About a year ago, I happened upon this statement about the Monitor in the Harvard Business Review – under the charming heading of “do things that don’t interest you”:

“Many things that end up” being meaningful, writes social scientist Joseph Grenny, “have come from conference workshops, articles, or online videos that began as a chore and ended with an insight. My work in Kenya, for example, was heavily influenced by a Christian Science Monitor article I had forced myself to read 10 years earlier. Sometimes, we call things ‘boring’ simply because they lie outside the box we are currently in.”

If you were to come up with a punchline to a joke about the Monitor, that would probably be it. We’re seen as being global, fair, insightful, and perhaps a bit too earnest. We’re the bran muffin of journalism.

But you know what? We change lives. And I’m going to argue that we change lives precisely because we force open that too-small box that most human beings think they live in.

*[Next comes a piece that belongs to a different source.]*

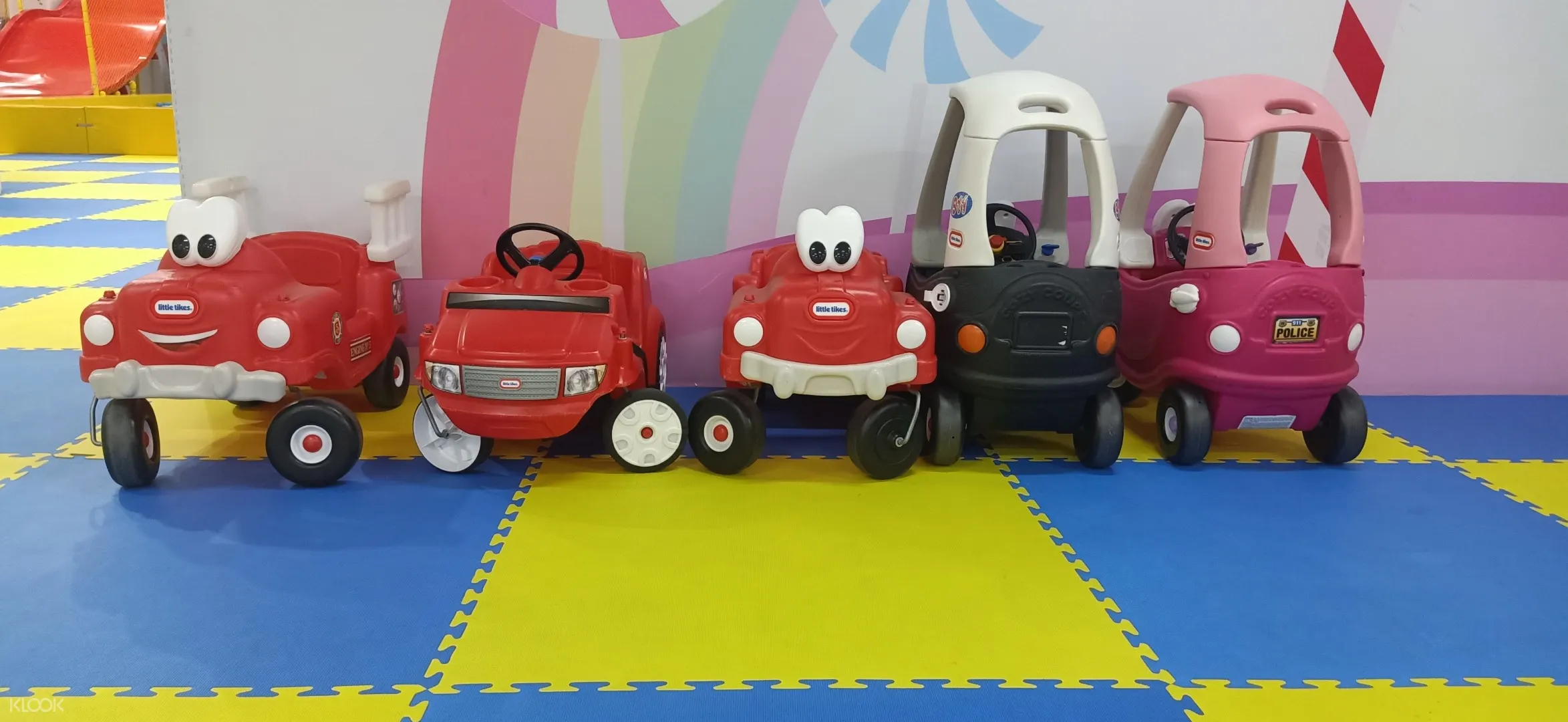 little tikes quad bike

The Monitor is a peculiar little publication that’s hard for the world to figure out. We’re run by a church, but we’re not only for church members and we’re not about converting people. We’re known as being fair even as the world becomes as polarized as at any time since the newspaper’s founding in 1908.

We have a mission beyond circulation, we want to bridge divides. We’re about kicking down the door of thought everywhere and saying, “You are bigger and more capable than you realize. And we can prove it.”